In a pair of legal filings, Amendola responded to attacks by the attorney general’s office and others to his subpoenas, saying he needs the resulting information to prepare Sandusky’s legal defense.
He also filed a “motion to compel” that asked Judge John Cleland to order the release of prosecution materials “forthwith.” Amendola said he has yet to go through about 200 pages he received on Monday from the attorney general’s office, after a five-week period in which he said 30 defense discovery requests went unanswered.
Sandusky, 68, is confined to his home to await trial on 52 criminal counts, allegations he has repeatedly denied. Prosecutors say he engaged in a range of illegal sexual acts involving boys, including violent assaults inside Penn State athletic facilities. Jury selection is scheduled to begin June 5.
A spokesman for the attorney general’s office declined to comment. A gag order issued by Cleland has severely restricted what lawyers may say about the case.
Amendola said one alleged victim, called Victim 10 in court records, served time in prison for a robbery offense, but that information had not been disclosed by prosecutors.
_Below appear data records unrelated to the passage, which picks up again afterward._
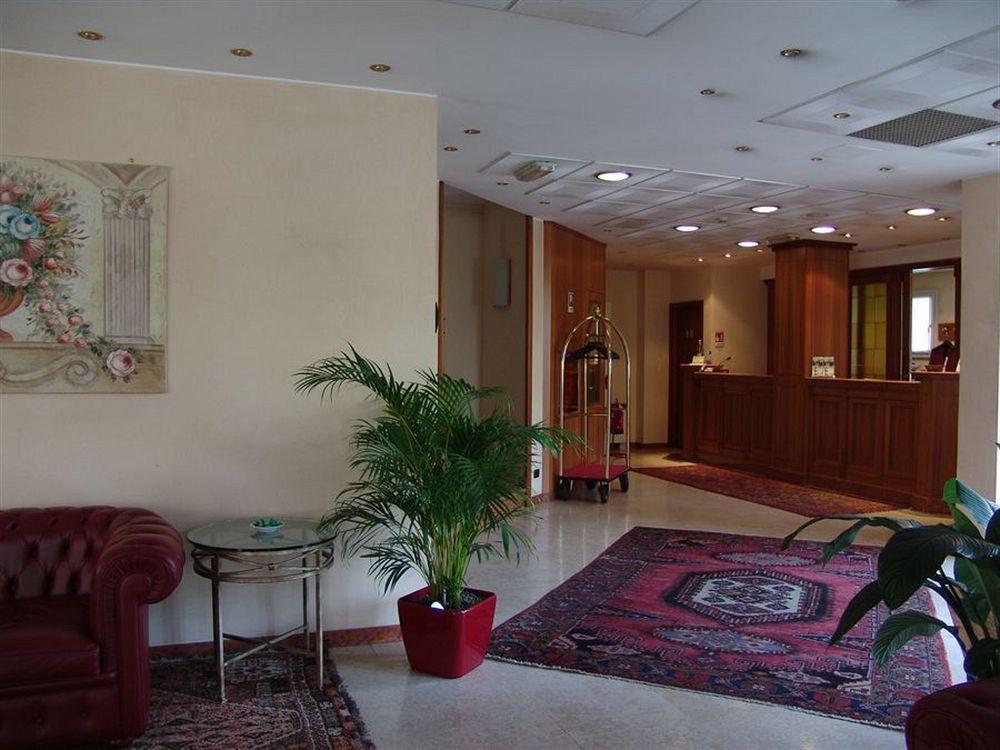 Hotel Visconti Melzo Eksteriør billede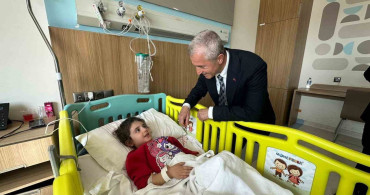 Şahinbey Belediye Başkanı Tahmazoğlu, Hastaları ve Esnafı Ziyaret Etti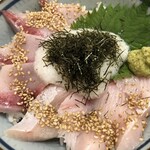 まるとく食堂 - なかなか肉厚のブリ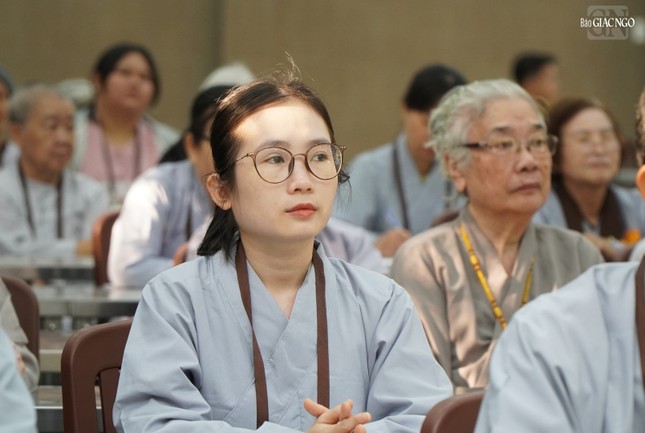 Chăm chú lắng nghe thời pháp thoại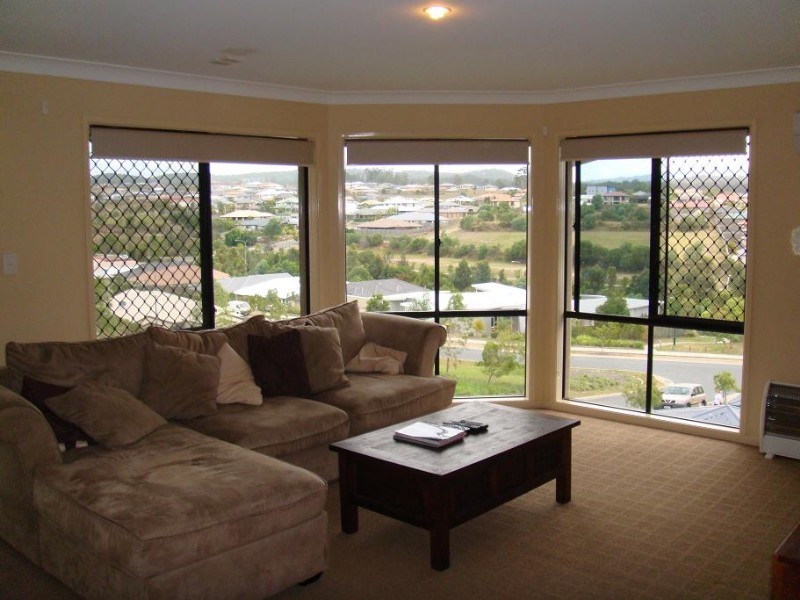 Pacific Pines QLD 4211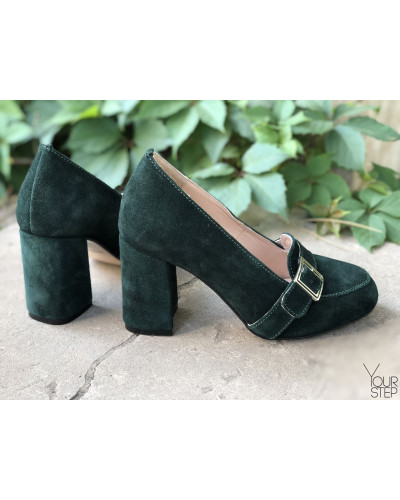 Туфли из черной замши с лаковым ремешком с фурнитурой и обтяжным каблуком Арт. 853-5/48Ок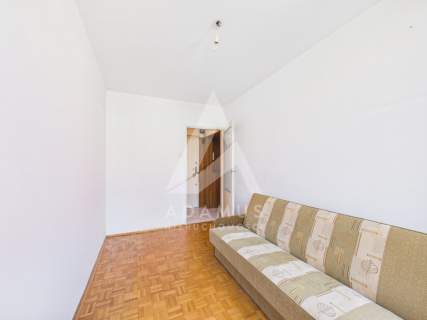 Komandorska/38,5 m /2 pokoje naprzeciw UE.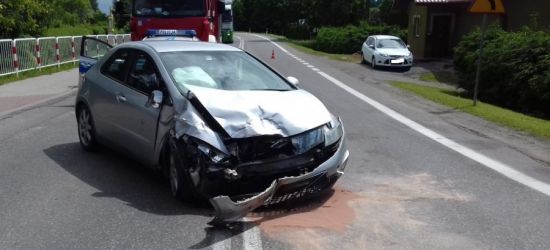 BLIZNE. 78-letni kierowca nie ustąpił pierwszeństwa. Pasażerka trafiła do szpitala (ZDJĘCIA)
He said the attorney general’s office gave him an 18-page university police report from a 1998 investigation into a complaint that Sandusky had showered with a boy, but the report’s other 72 pages have not been turned over.
Sandusky also told Cleland that school officials deemed unfounded a claim by Victim 1 that “an unknown male related to The Second Mile had approached him in a bathroom at his high school,” but prosecutors did not reveal that information to him. The Second Mile is a charity for at-risk youth, founded by Sandusky in 1977, that prosecutors say was used by Sandusky to locate targets of his alleged molestation.
The young man’s civil lawyer, Slade McLaughlin, said he did not want to try his case in the press with the criminal trial a month away.
“The truth about Sandusky will all come out then,” McLaughlin said. “All these ancillary issues being raised by Amendola are irrelevant and inadmissible.”
Amendola also told Cleland that prosecutors have not disclosed criminal backgrounds for other alleged victims, and that Victim 3 had been banned from high school property after bringing a weapon onto the premises.
Amendola wrote that some of what he has sought could make jurors doubt the credibility of witnesses at trial, while other information relates to Sandusky’s theory that the accusers “have ulterior motives including financial gain to make false accusations.”
Also Thursday, Juniata College filed a motion with the court asking Cleland to throw out a defense subpoena from Sandusky. Similar motions were previously filed by The Second Mile, the Keystone Central School District, the Mifflin County School District and the attorney general’s office.
Cleland has scheduled a Wednesday court hearing on the subpoena issues for the Centre County Courthouse in Bellefonte.